In a way, it's surprising that the movie was cast adrift into the January wasteland rather than being released before Christmas. The themes of redemption and family that highlight First Sunday are perfect December fare. (One assumes the presence of two African American-centered holiday movies created fears of flooding the marketplace.) At any rate, while First Sunday isn't a home run, it makes more solid contact than what one normally expects from this time of the year.
The premise sounds shaky. Friends Durell (Ice Cube) and LeeJohn (Tracy Morgan) need money badly. Unless he can come up with $17,000 in child support, Durell's ex (Regina Hall) is going to move to Atlanta with Durell's son. Meanwhile, LeeJohn is in trouble with some people it's not desirable to be in trouble with. He lost some merchandise entrusted to him to deliver and now he's on the hook for the price. The apparent solution to their problem: rob a church that is accumulating cash on the premises to build a new house of worship. Of course, when the time comes to rob the place, nothing goes right and Durell and LeeJohn find themselves taking hostages, including the Pastor (Chi McBride), the Deacon (Michael Beach), the Choir Master (Katt Williams), and several others.

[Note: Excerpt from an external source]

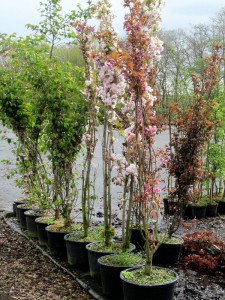 Prunus serrulata Amanogawa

For the most part, the comedy is understated, which is unusual. While not all of the jokes work (in fact, some of them misfire badly), there are enough low-key chuckles to retain a light tone. Katt Williams, whose X-rated standup routines have been scaled back to work in a PG-13 forum, is responsible for about 50% of the most overt comedy. Thankfully, the movie does not rely on body humor and/or flatulence gags, two staples of comedy that have lost their edge and effectiveness through overuse.
First Sunday has a solid dramatic backbone. Durell genuinely loves his son and wants him to grow up to be a better man than he is. His motivation for "stealing from God" is to keep his boy close. LeeJohn, despite initially being the "funny" sidekick, is revealed to have a deeper personality than initially expected. Many of the hostages also have backstories that the screenplay takes time to divulge. In cases, these become more than "colorful" faces populating a background. They grow into people.

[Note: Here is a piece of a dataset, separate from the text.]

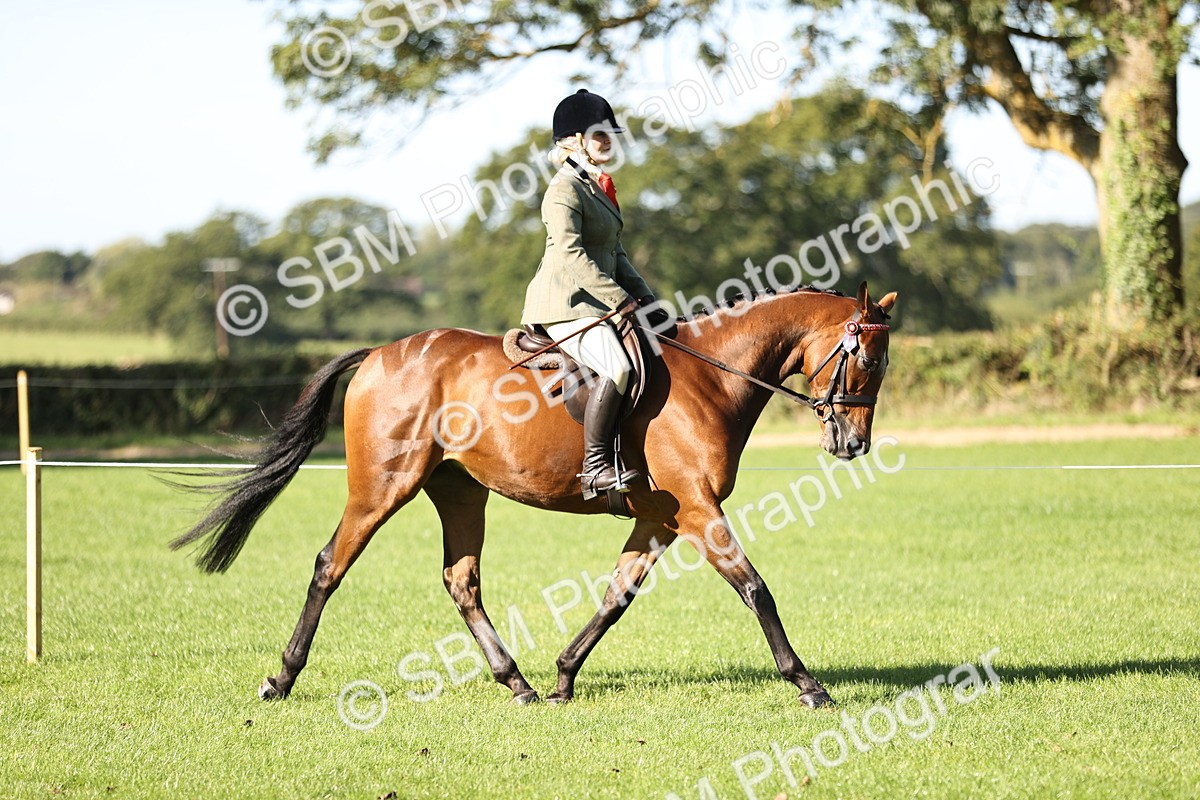 SBM_16907 - S2 - TSR Ridden Pony Showing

From a comedic perspective, Williams steals a high percentage of scenes, but Tracy Morgan is also solidly funny when the script requires it (which is often, especially early). Ice Cube plays the straight man, and often resembles a scowling teddy bear. Over the years, the rapper-turned-actor has honed his skills in front of the camera; he's a much better dramatic performer today than he was a decade ago. Chi McBride, who has found some recent success on television (as a limited-run villain in House and in a recurring role in Pushing Daisies), makes the pastor a nice mix of spirituality and worldliness. Keith David has a small role as the exasperated judge who presides over Durell's court cases.
The ending is a letdown. Emotionally, it offers catharsis and closure but it's rushed, contrived, and does a poor job of closing off at least one loose end. As a screenwriter, it's not Talbert's finest moment and does a degree of damage to the careful development of the characters and situations that precede it. It's not enough to invalidate all of the good things sprinkled throughout First Sunday; the movie as a whole is pleasant, generally satisfying, and has a heart as big as its funny bone. For an early January movie, this is sometimes as good as it gets.